Return all the lines below exactly as written. Drop every picture.

======== Extracted information ========

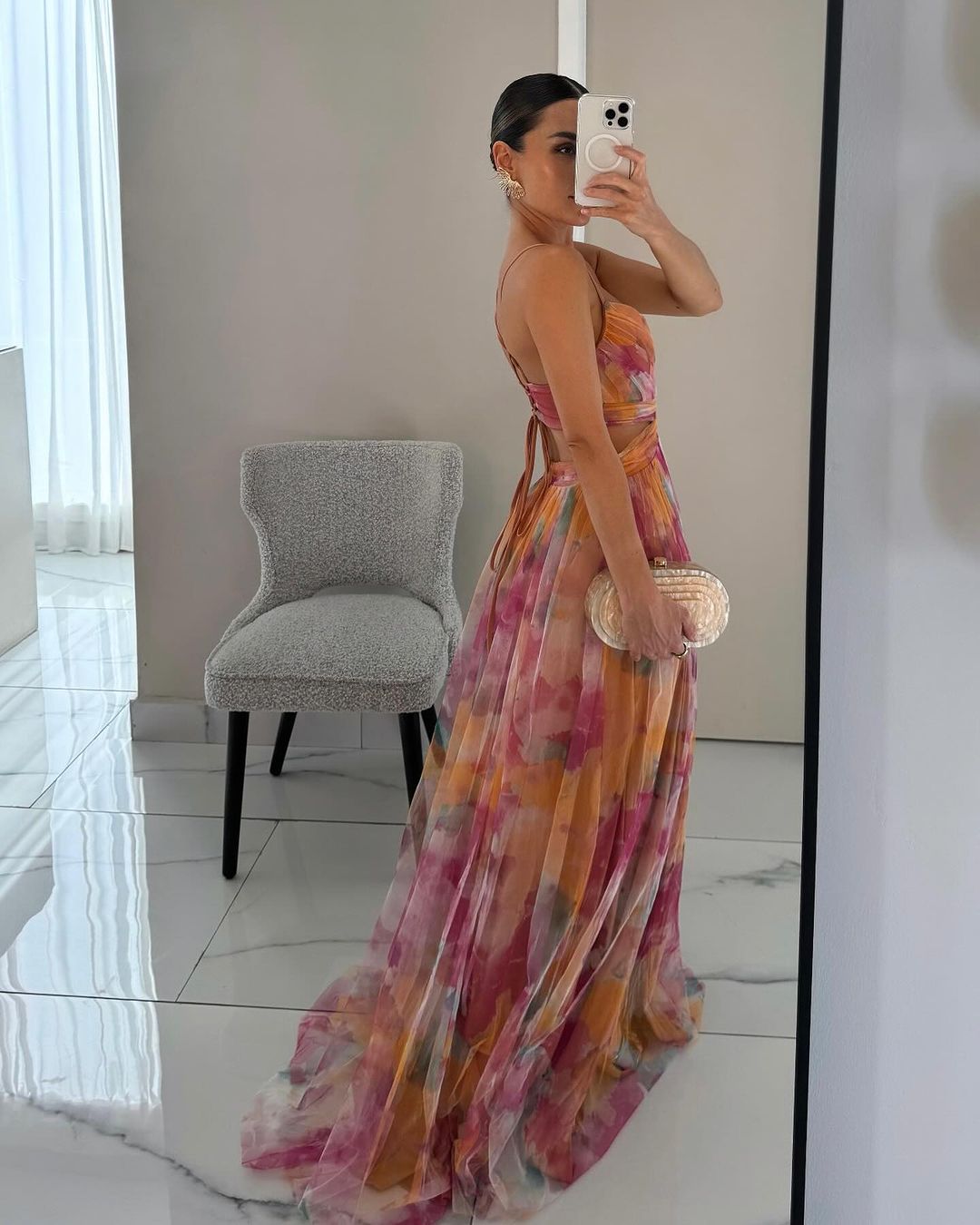 Graciela | Vestido Romántico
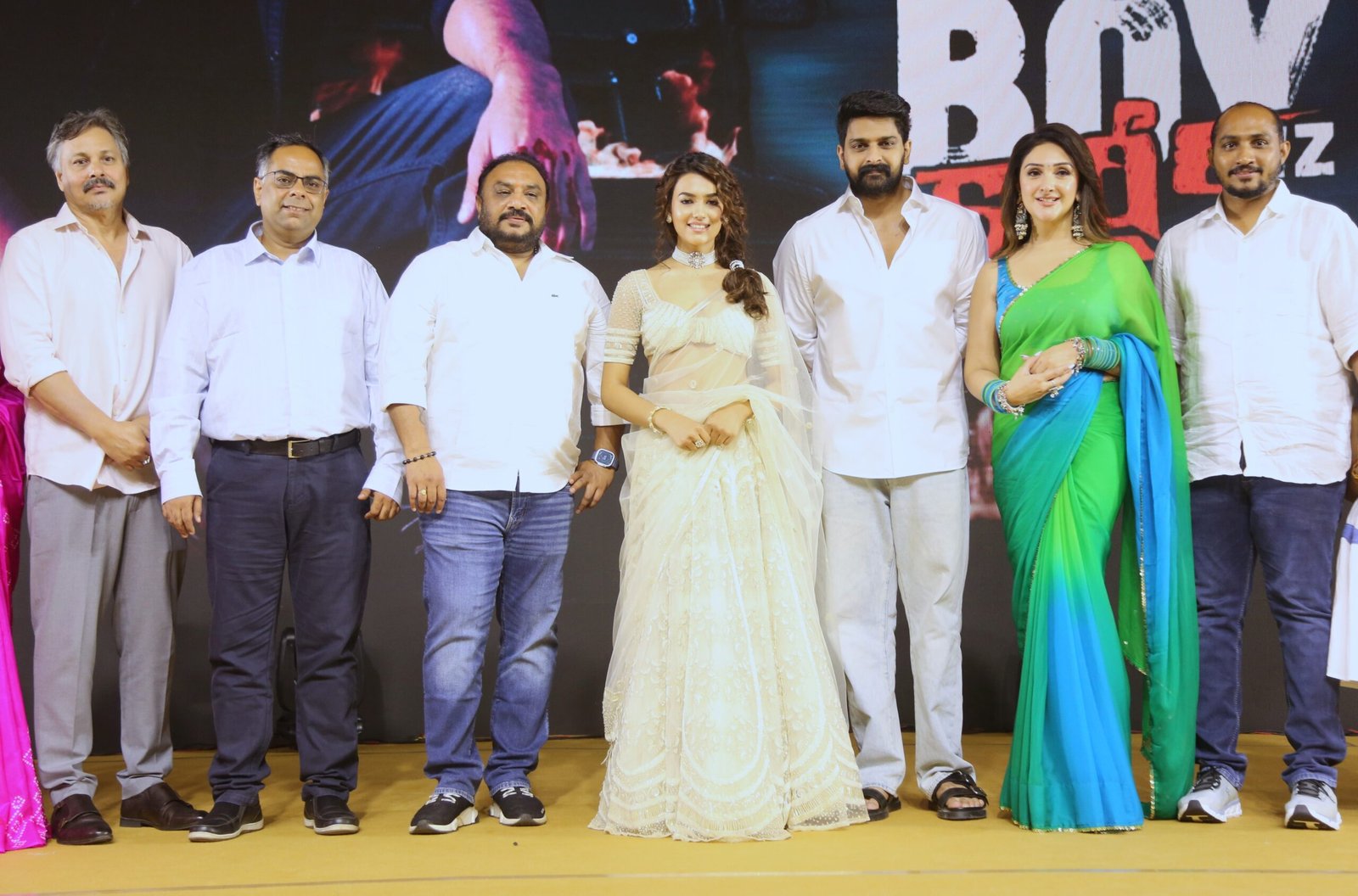 Naga Shaurya,Bad Boy Karthik,
Pre Release Event,
Telugu Cinema,
Tollywood,
Movie Promotion,
Upcoming Telugu Movie,
Hero Speech,
Film Event,
South Indian Movies,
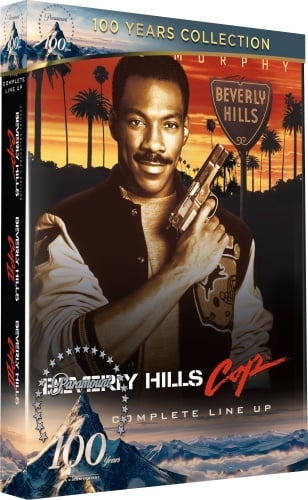 Beverly Hills Cop 1-3 (3 disc) - DVD von Paramount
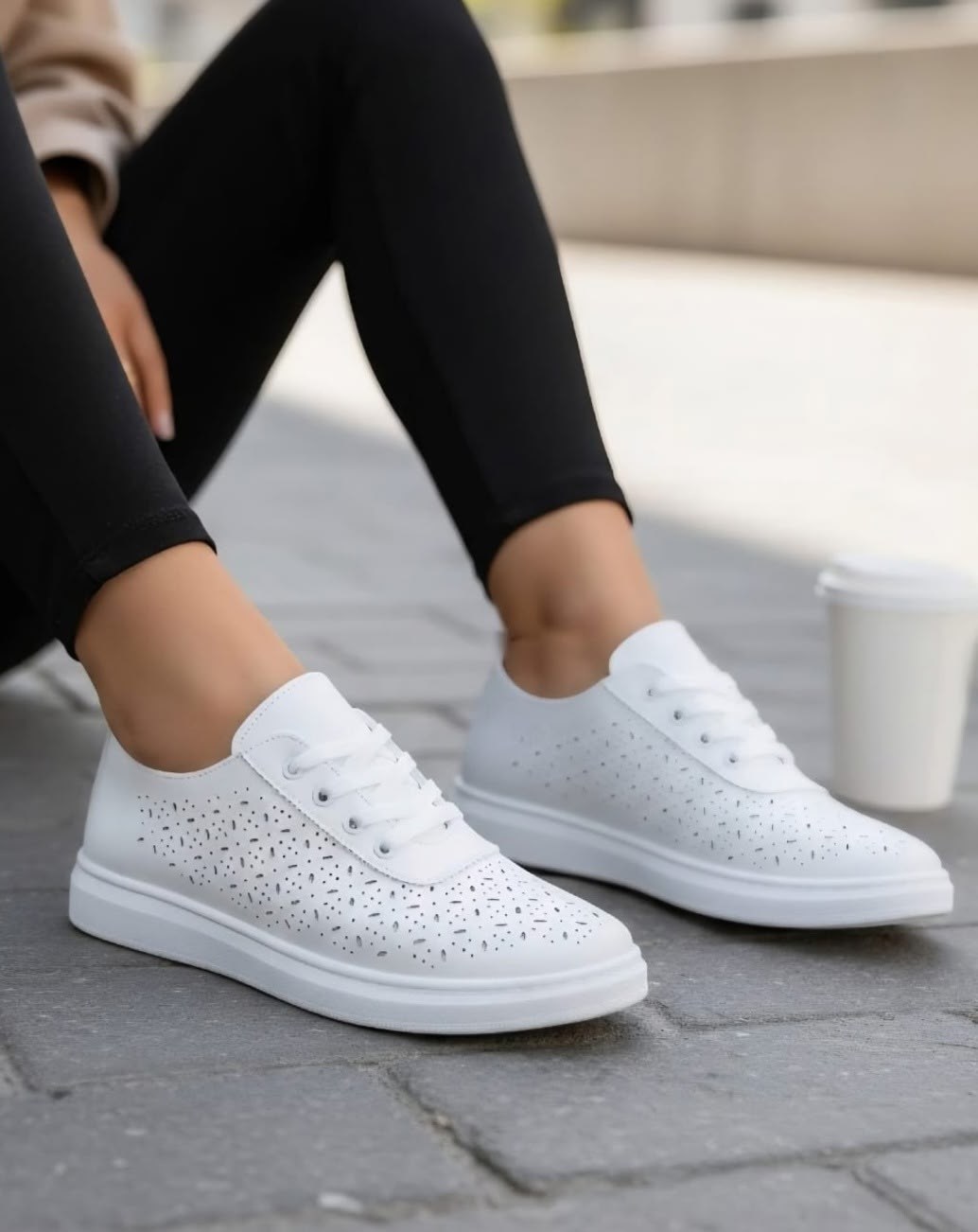 ,кеды саламандер женские с перфорацией,кеды женски,женские кроссовки,женские кеды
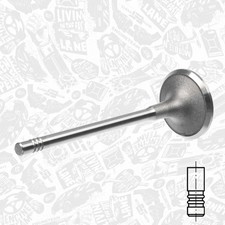 Soupape d'admission CITROËN PEUGEOT VOLVO 1,6 1,5 0948.F7 0948F7 9HC(DV6C) UGJC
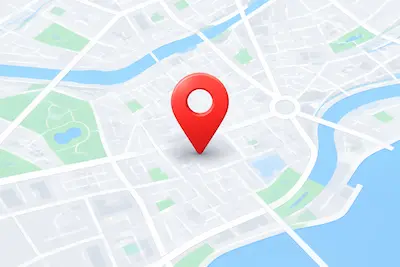 موقعیت پخش پلاسکو پارسه روی نقشه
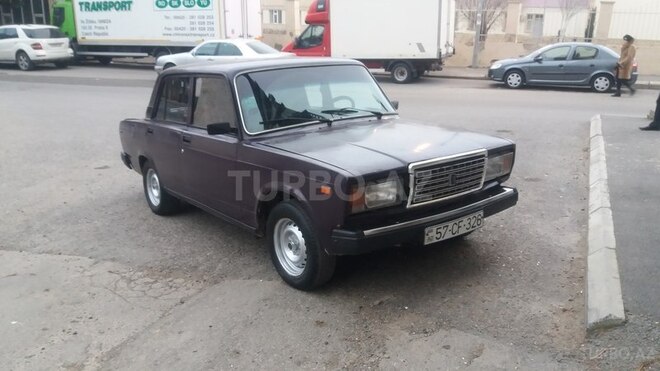 LADA (VAZ) 2107 2002, 256,000 km - 1.6 l - Bakı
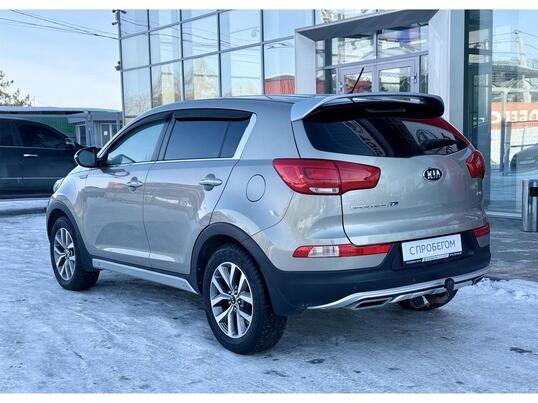 Kia Sportage, 2015&nbsp;г., 135&nbsp;941&nbsp;км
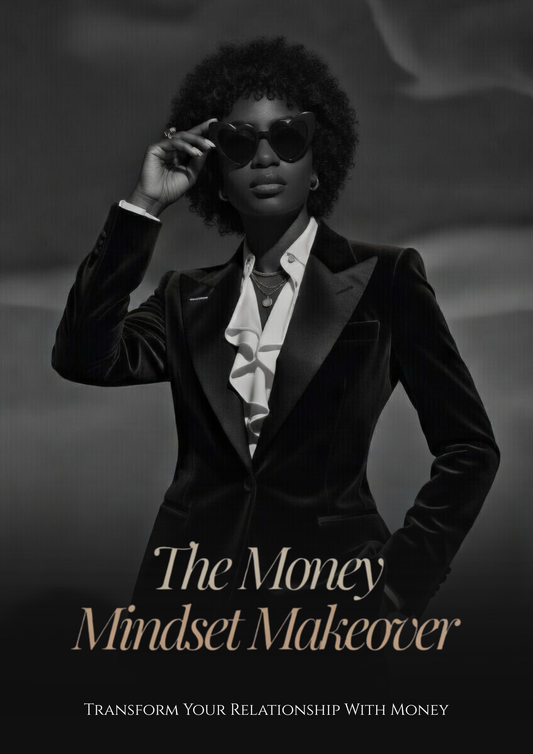 Premium PLR Money Mindset Guide & Workbook | High-Ticket Rebrandable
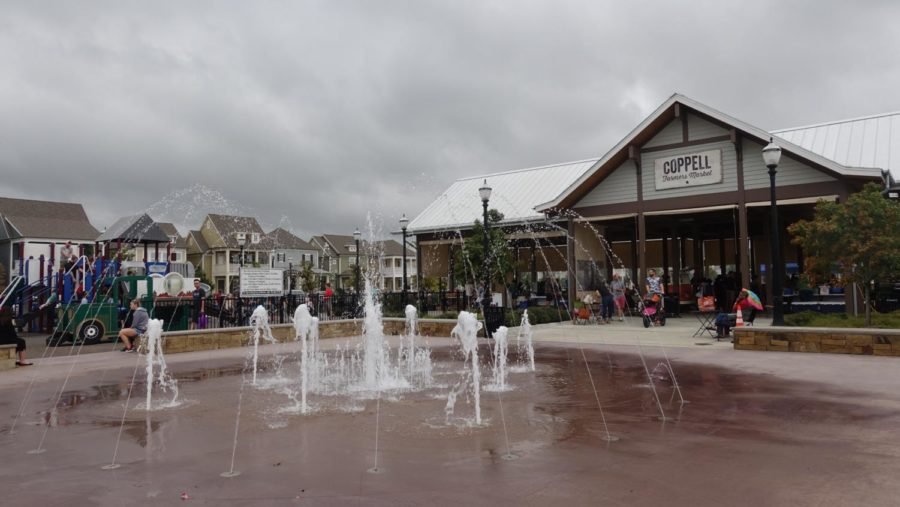  Coppell Farmers Market 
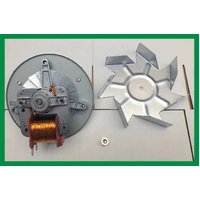 Genuine Ilve 700mm Fan Forced Oven Motor for 700LMP 700SXMP 700WMP Models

========

Response area:
 Graciela | Vestido Romántico
 Naga Shaurya,Bad Boy Karthik,
Pre Release Event,
Telugu Cinema,
Tollywood,
Movie Promotion,
Upcoming Telugu Movie,
Hero Speech,
Film Event,
South Indian Movies,
 Beverly Hills Cop 1-3 (3 disc) - DVD von Paramount
 ,кеды саламандер женские с перфорацией,кеды женски,женские кроссовки,женские кеды
 Soupape d'admission CITROËN PEUGEOT VOLVO 1,6 1,5 0948.F7 0948F7 9HC(DV6C) UGJC
 موقعیت پخش پلاسکو پارسه روی نقشه
 LADA (VAZ) 2107 2002, 256,000 km - 1.6 l - Bakı
 Kia Sportage, 2015&nbsp;г., 135&nbsp;941&nbsp;км
 Premium PLR Money Mindset Guide & Workbook | High-Ticket Rebrandable
  Coppell Farmers Market 
 Genuine Ilve 700mm Fan Forced Oven Motor for 700LMP 700SXMP 700WMP Models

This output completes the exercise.